• **Work task**: Only the pictures should be left out; write out all other data exactly.

• **Collected data**:

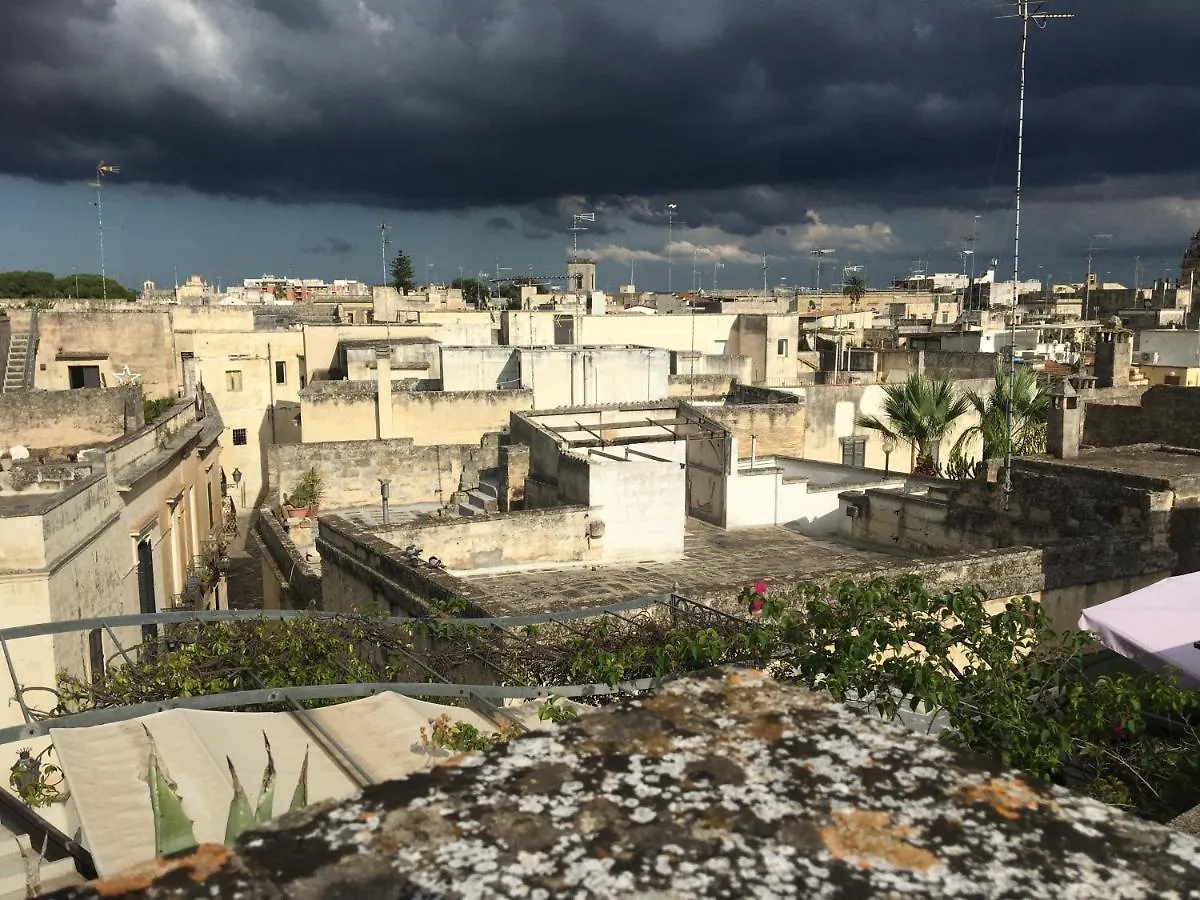 Alojamento de Acomodação e Pequeno-almoço Palazzo Charlie Acomodação com café da manhã Lecce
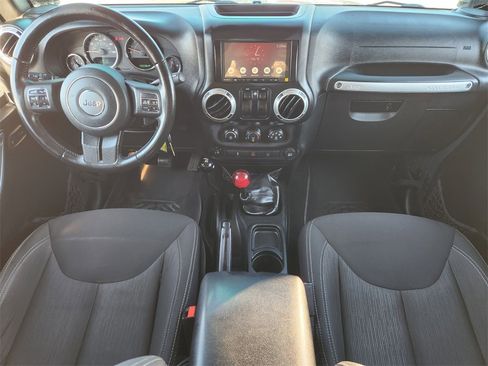 Used 2017 Jeep Wrangler Rubicon w/ Power Convenience Group image 18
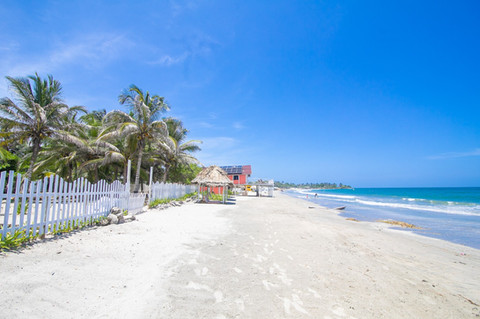 Amare Beach - Playa Linda.JPG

• **Response**:
 Alojamento de Acomodação e Pequeno-almoço Palazzo Charlie Acomodação com café da manhã Lecce
 Used 2017 Jeep Wrangler Rubicon w/ Power Convenience Group image 18
 Amare Beach - Playa Linda.JPG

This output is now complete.